Learning a new language is a great benefit for employees that increases confidence and performance.
Founder & CEO BRIC Language Systems
Perhaps an essential and tactical approach that organizations often overlook is language training. A 2016 study by Rosetta Stone shows that while 81 percent of the employees surveyed studied languages earlier in life, only 46 percent effectively used their learnings in the workplace.
Foreign language skills are vital in today’s global economy. Language proficiency supports executives to advance in their careers and helps multinational companies speed up overseas expansion. Every CEO or HR manager who wants to hire a language trainer struggles to quantify the value and benefit of language training to the business but there is convincing data to help them make their case.
Workers who receive language training become more confident and perform better.
Research shows that 70 percent of employees feel more confident in their work and interaction with teams, partners and vendors upon successfully completing language training. The top gainers by industry who feel the most impact are those in food and beverage, retail and communications industries. Meanwhile, employees in human resources, information technology and operations departments have expressed an increase in confidence and work productivity because they were given access to language training.
It’s reported that workers save an average of three hours or more weekly because of improved language skills. These wasted hours are likely spent with language translation or resolving problems caused by miscommunication amongst colleagues or between employees and their bosses. Whether you’re a line-level worker or an expat leading regional operations, language proficiency improves your productivity and overall job performance.
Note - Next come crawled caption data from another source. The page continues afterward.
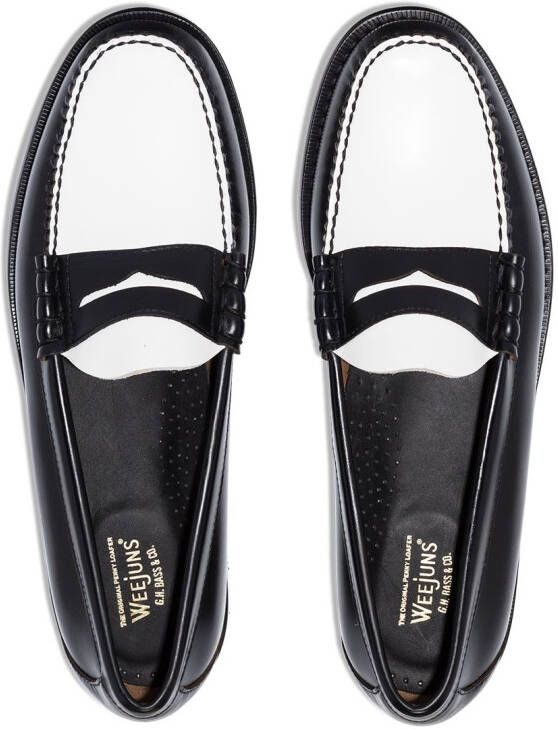 G.H. Bass & Co. Heritage Larson Weejun leather loafers Black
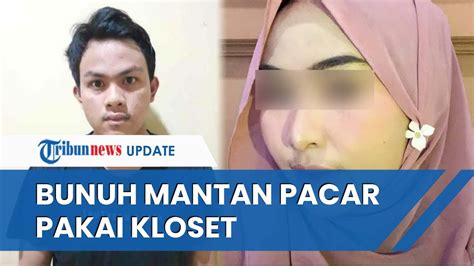 Tampang Pelaku Pembunuhan Mahasiswi Di Pandeglang Akui Menyesal Seusai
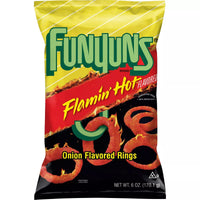 Funyuns Flamin' Hot Onion Flavored Rings (5.25oz) - Papaya Express
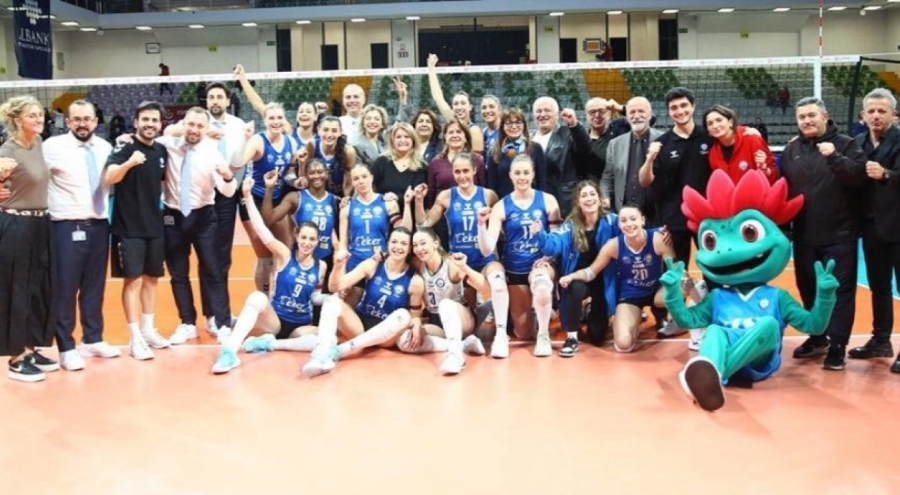 Nilüfer Belediyespor Eker, galibiyet serisini sürdürdü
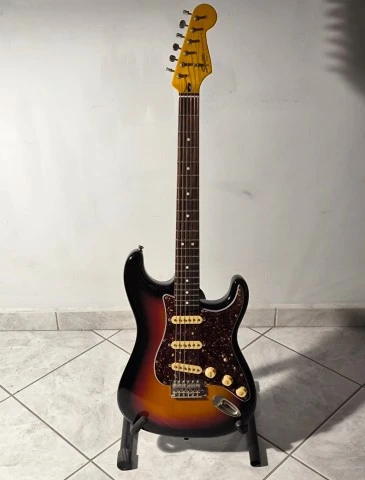 Squier 2008 Classic Vibe 60s China Toneride Alpha Pots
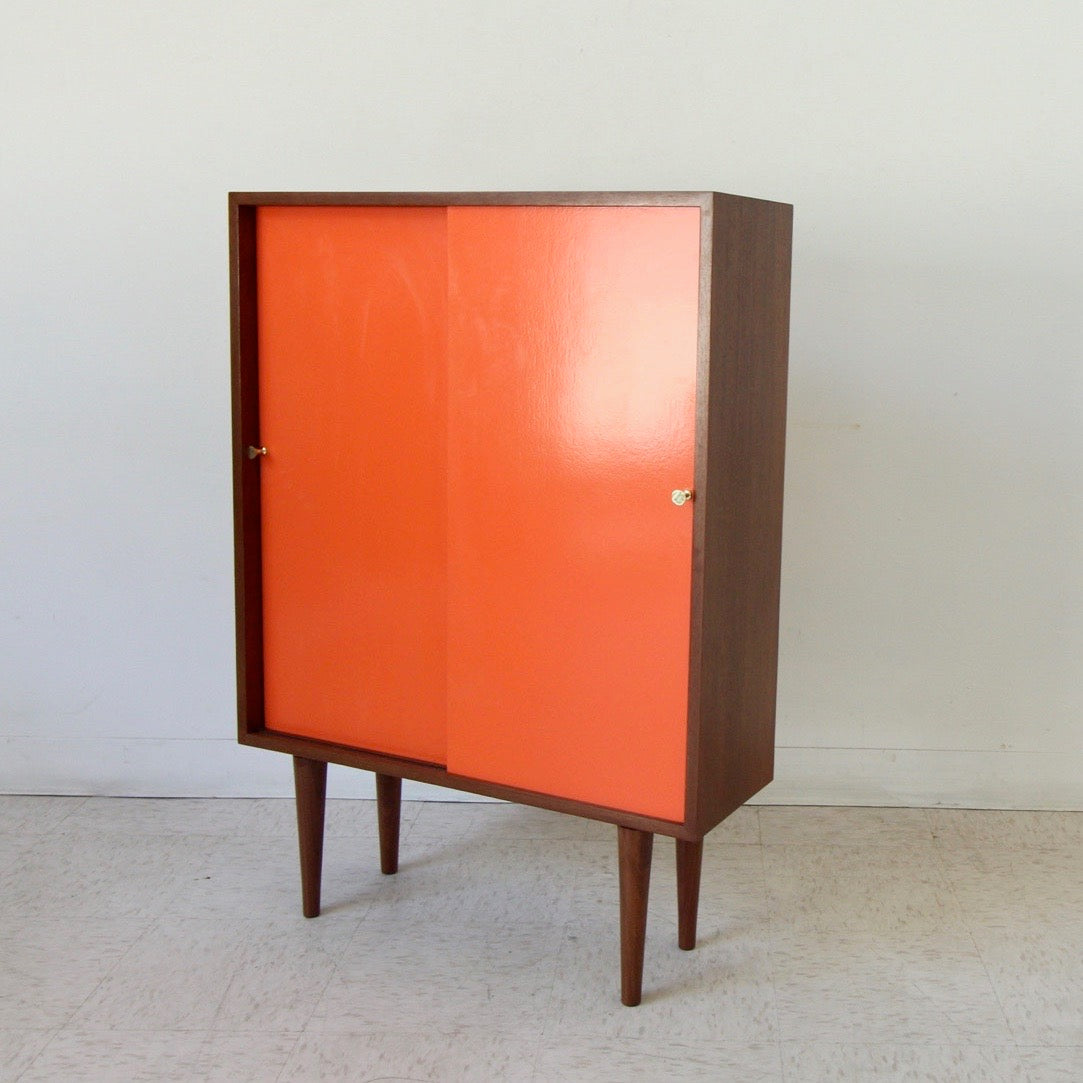 Van Ness Multi-Purpose Cabinet in Orange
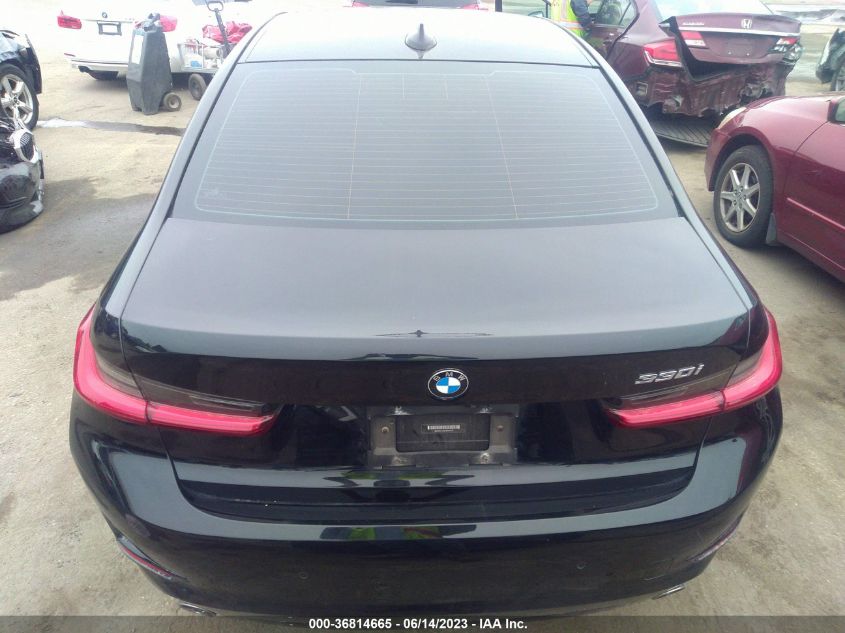 2020 BMW 3 SERIES 330I - 3MW5R1J08L8B36576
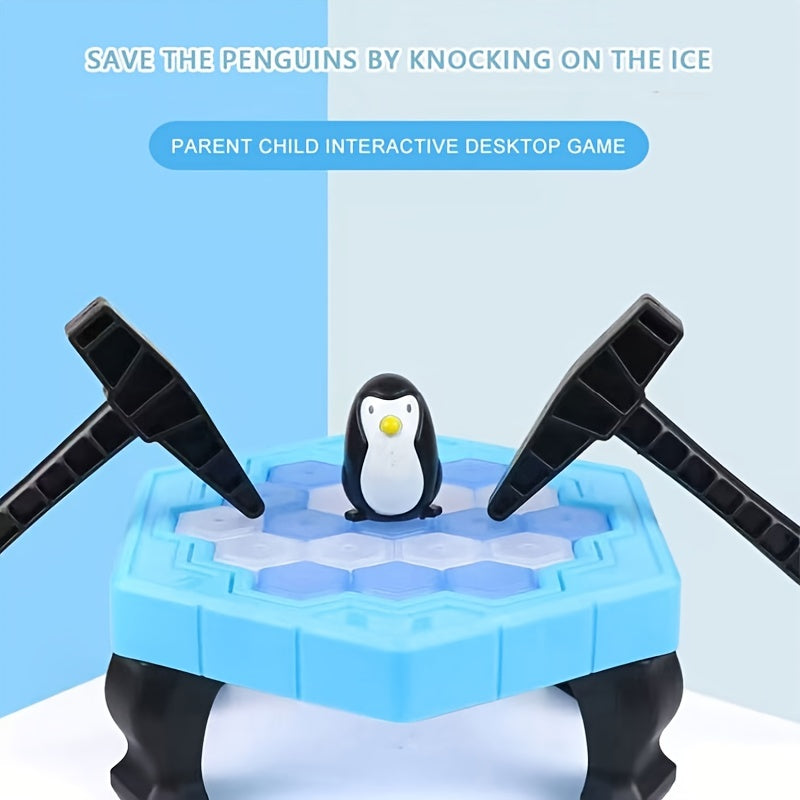 Pingvin Igra Ledenih Blokova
The confidence and increased productivity these people experience directly leads to promotions and upward mobility within the organization or in new job opportunities. I am a prime example of this having gone from QC inspector up to VP of Asian operations in my time in China. After leaving China, an opportunity opened to start BRIC Language Systems. Had I not learned to speak Chinese, I would have never thought to start an online language school.
Shared language increases employee retention.
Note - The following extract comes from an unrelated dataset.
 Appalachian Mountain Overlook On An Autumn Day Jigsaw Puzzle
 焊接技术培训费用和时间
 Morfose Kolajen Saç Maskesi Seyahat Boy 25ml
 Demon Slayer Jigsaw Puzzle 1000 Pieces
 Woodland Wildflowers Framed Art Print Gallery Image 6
One of the biggest and most common challenges for human resource managers or executives is keeping employees happy. According to an IDG Research Services’ survey, business line leaders have reported employee retention as their no. 1 long-term strategy priority.
In ethnically-diverse cities in North America like New York City, Los Angeles and Miami, it’s typical to manage employees whose native tongue is either Spanish or Chinese. While written foreign language proficiency can result in faster work turnaround, it’s equally important that employees can communicate comfortably with co-workers and managers in their commonly used language.
Day-to-day work is affected when a new hire does not speak the language of the team. The employee might feel ostracized, unable to establish rapport with colleagues and build trust with supervisors. Turnover is costly, and related expenses hurt the bottom line financials and team morale.
Meanwhile, employees who are given language training feel rewarded and more engaged in their work because their company invested in their personal and professional growth. Workers in the food and beverage industry who received employer-provided language training report they are more likely to remain with their current company.
It isn’t just work that frustrates an employee who doesn’t speak the native language. While living in China, prior to learning Mandarin, I had to renegotiate the price of each and every haircut. I always went to the same shop and the same barber, but every time I saw him he wanted to renegotiate. We always wound up at 30 RMB. This was very frustrating, especially in a shop with no A.C. on a 90-degree day. This only stopped when I learned the language, and so did a lot of other nonsense. That made my day-to-day life much easier.
Companies, truly know thy customer.
Knowing the local language is crucial to succeeding in foreign markets. You can’t serve diverse customers on a day-to-day-basis if you don’t understand each other. Most countries have multiple languages, and nuances in tone, pronunciation and delivery all affect how people perceive the message you want to send.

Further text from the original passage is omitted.